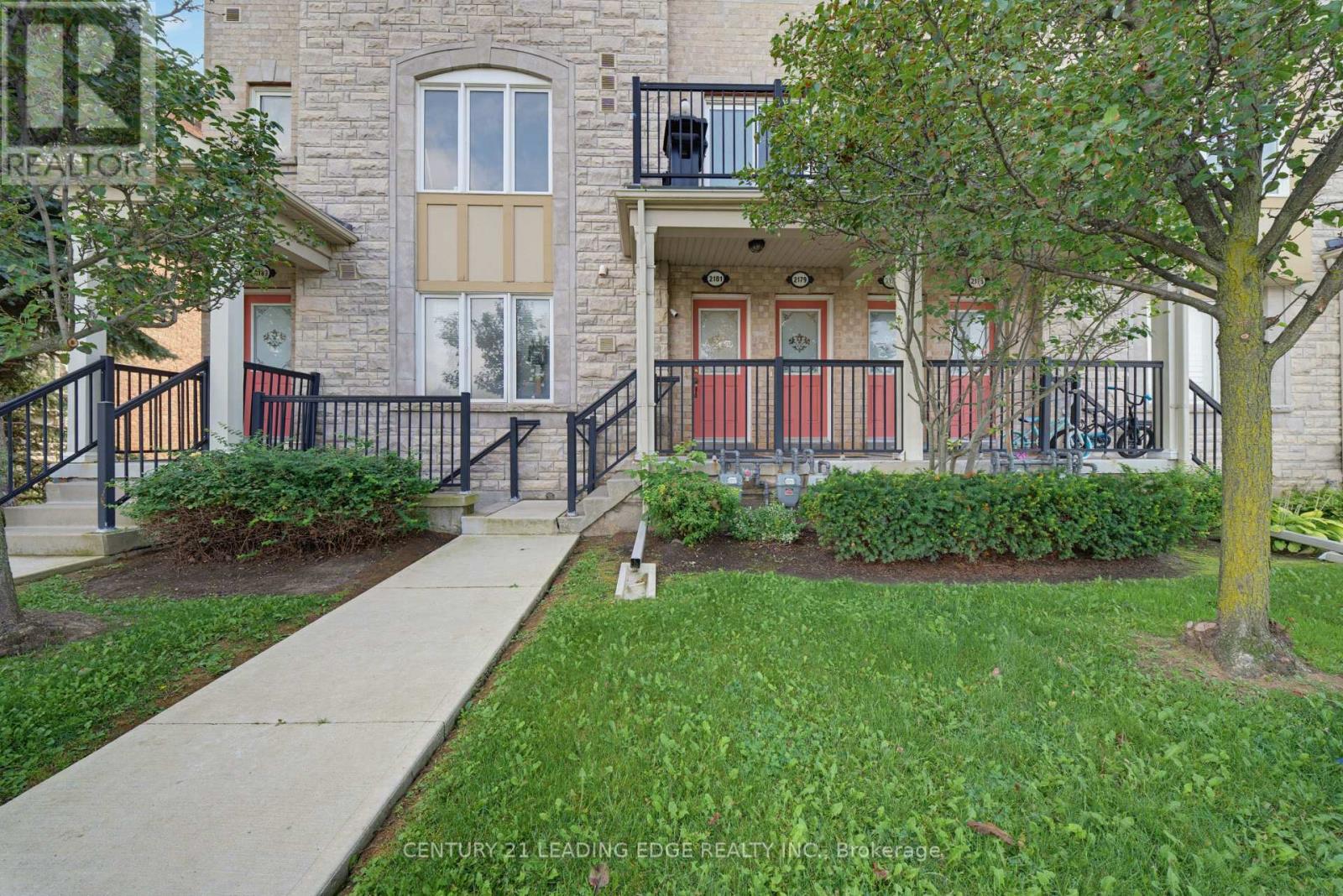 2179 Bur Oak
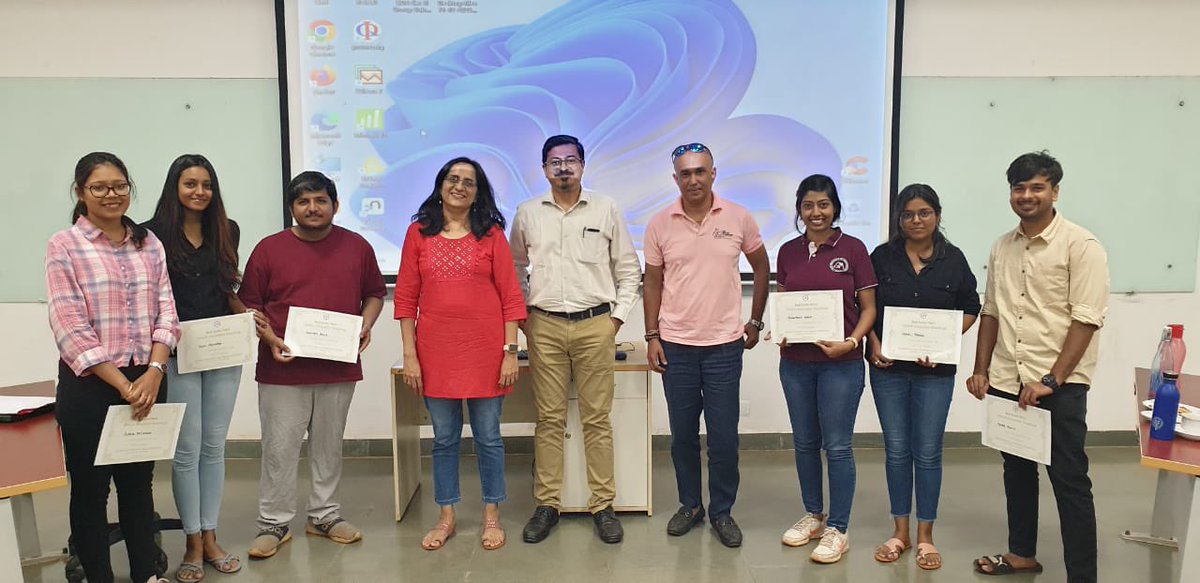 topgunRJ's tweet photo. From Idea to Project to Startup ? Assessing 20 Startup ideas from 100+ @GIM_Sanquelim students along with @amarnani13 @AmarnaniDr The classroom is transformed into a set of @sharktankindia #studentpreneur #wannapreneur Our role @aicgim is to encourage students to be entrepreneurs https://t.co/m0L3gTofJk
________________________
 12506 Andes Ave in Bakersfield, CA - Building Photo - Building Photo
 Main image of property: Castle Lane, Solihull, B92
________________________
PROBLEM REQUIREMENTS: Copy out, word for word, the part of the entries above that begins at the line with "12506 Andes Ave" and ends at the line with "Main image of", including both.

EXERCISE RESULT:
 12506 Andes Ave in Bakersfield, CA - Building Photo - Building Photo
 Main image of property: Castle Lane, Solihull, B92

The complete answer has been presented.